** Opening DATA TO PROCESS block **
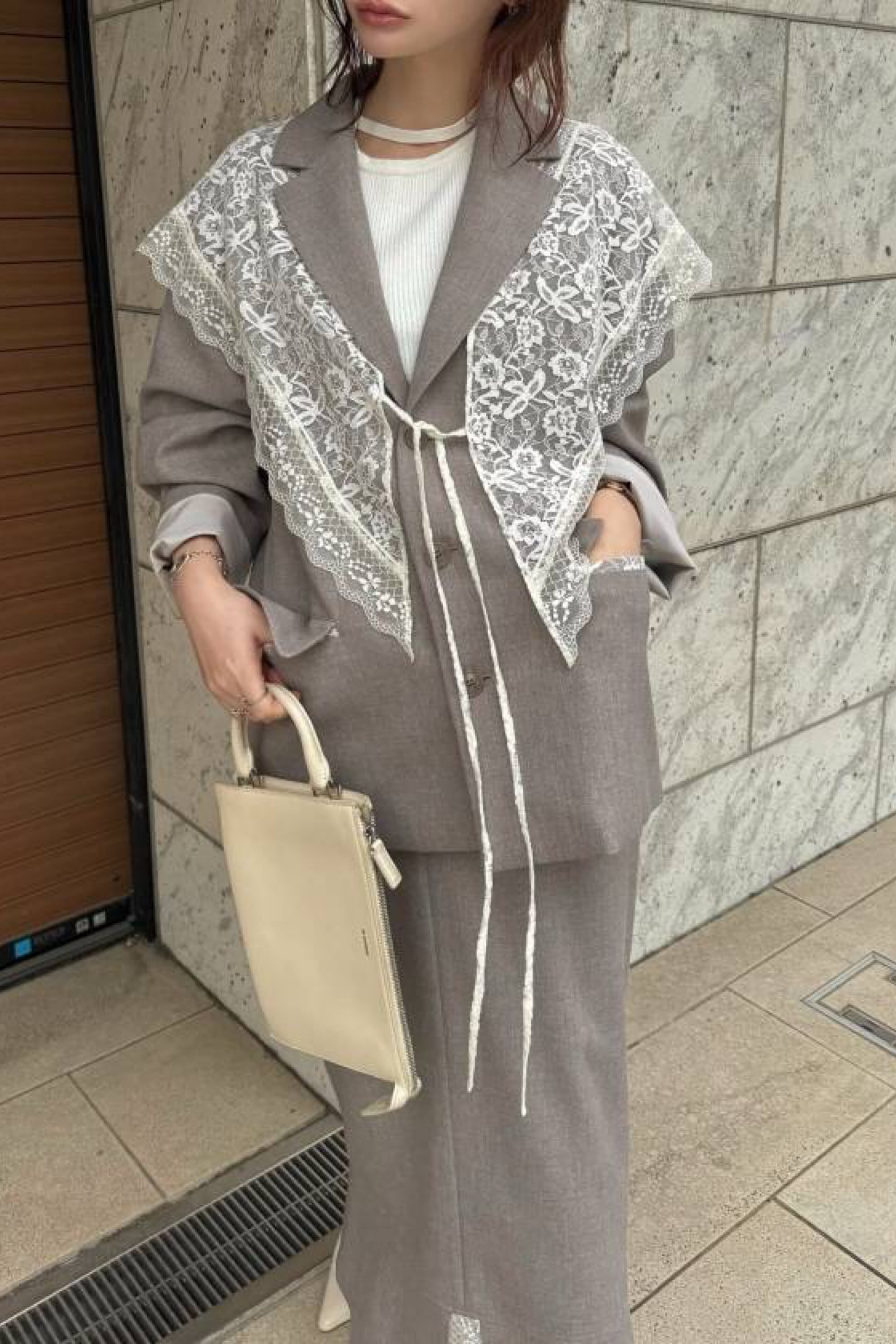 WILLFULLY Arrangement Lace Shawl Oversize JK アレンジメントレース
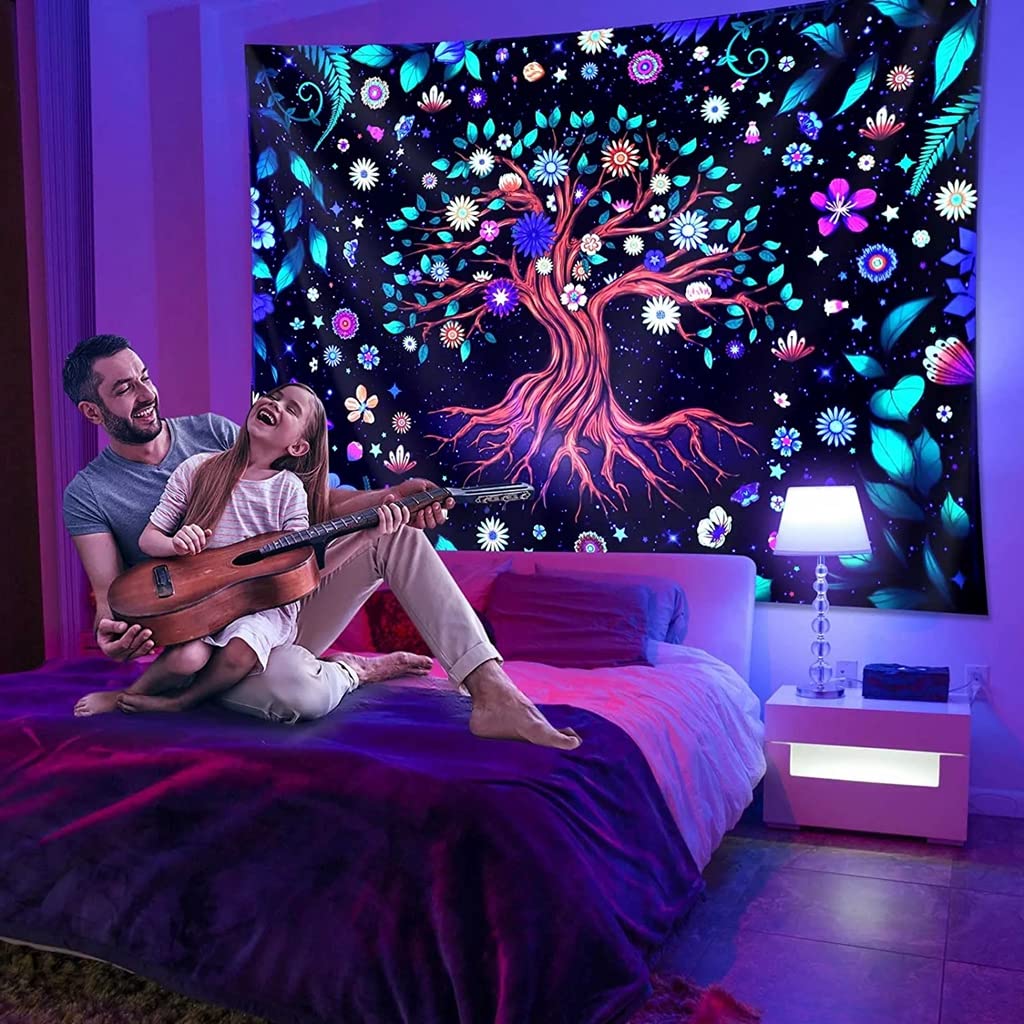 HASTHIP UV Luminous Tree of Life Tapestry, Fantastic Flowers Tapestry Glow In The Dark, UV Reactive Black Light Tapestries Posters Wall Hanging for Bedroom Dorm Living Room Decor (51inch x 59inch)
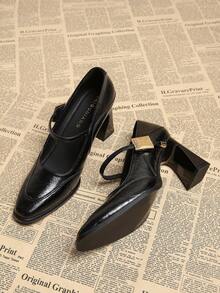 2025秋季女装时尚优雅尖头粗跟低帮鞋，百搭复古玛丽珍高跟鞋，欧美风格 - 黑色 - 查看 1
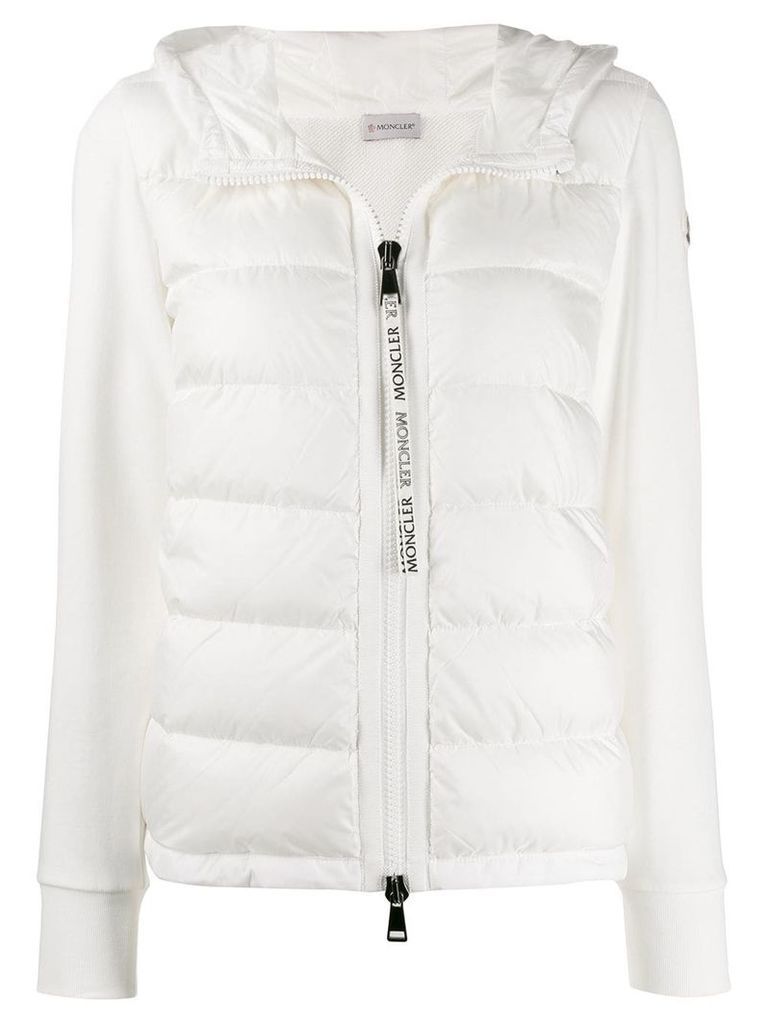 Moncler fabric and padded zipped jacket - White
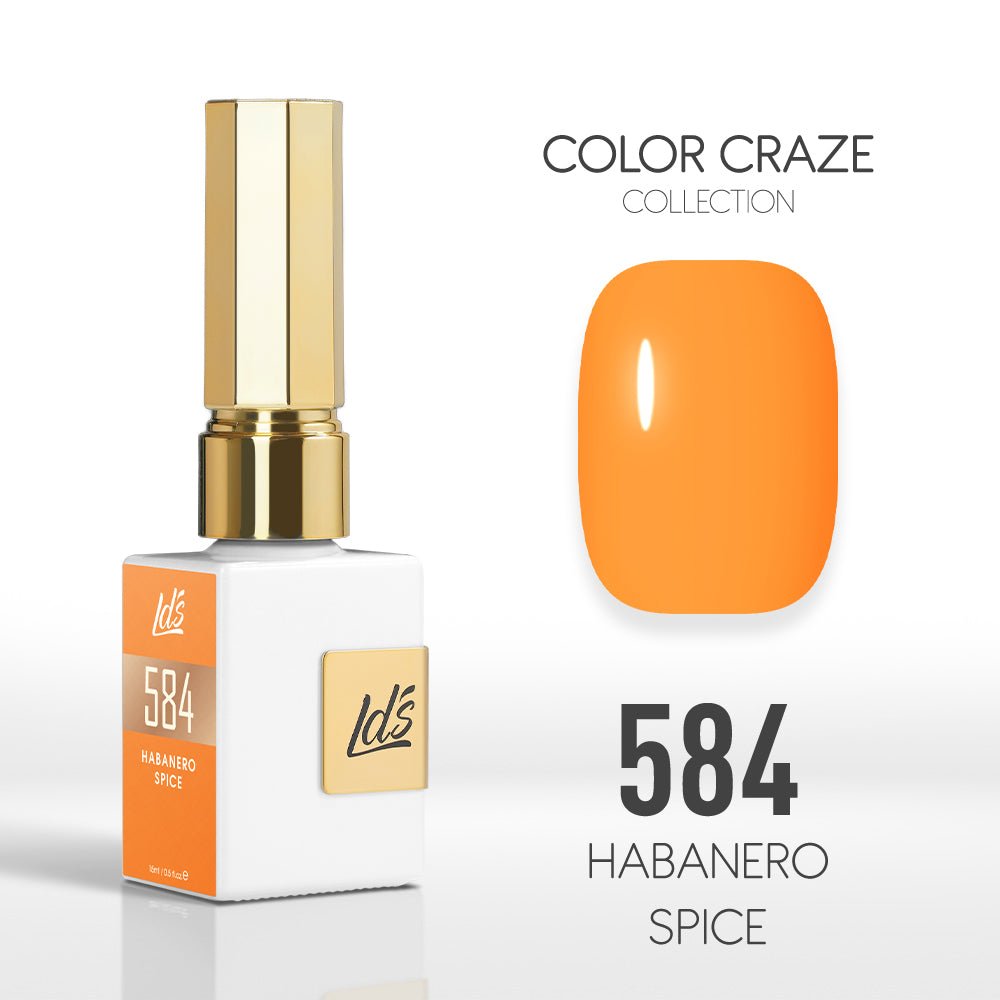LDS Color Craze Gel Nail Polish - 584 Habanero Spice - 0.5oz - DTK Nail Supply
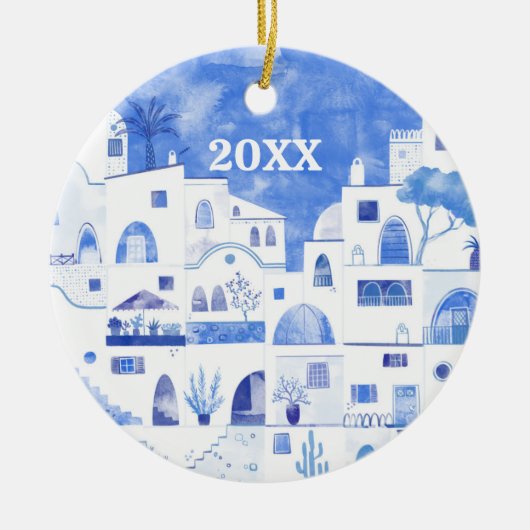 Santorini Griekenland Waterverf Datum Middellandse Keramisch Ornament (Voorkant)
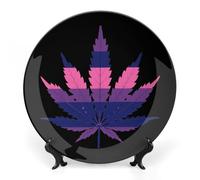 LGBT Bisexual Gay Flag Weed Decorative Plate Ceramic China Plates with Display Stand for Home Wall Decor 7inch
** Closing DATA TO PROCESS block **
■ PROBLEM DESCRIPTION
Without the pictures, repeat exactly the lines running from the line containing "2025秋季女装时尚优雅尖头粗跟低帮鞋，百搭复古玛丽珍高跟鞋，欧美风格 - 黑色" through the end of the data, both ends included.

■ YOUR RESPONSE
 2025秋季女装时尚优雅尖头粗跟低帮鞋，百搭复古玛丽珍高跟鞋，欧美风格 - 黑色 - 查看 1
 Moncler fabric and padded zipped jacket - White
LDS Color Craze Gel Nail Polish - 584 Habanero Spice - 0.5oz - DTK Nail Supply
 Santorini Griekenland Waterverf Datum Middellandse Keramisch Ornament (Voorkant)
 LGBT Bisexual Gay Flag Weed Decorative Plate Ceramic China Plates with Display Stand for Home Wall Decor 7inch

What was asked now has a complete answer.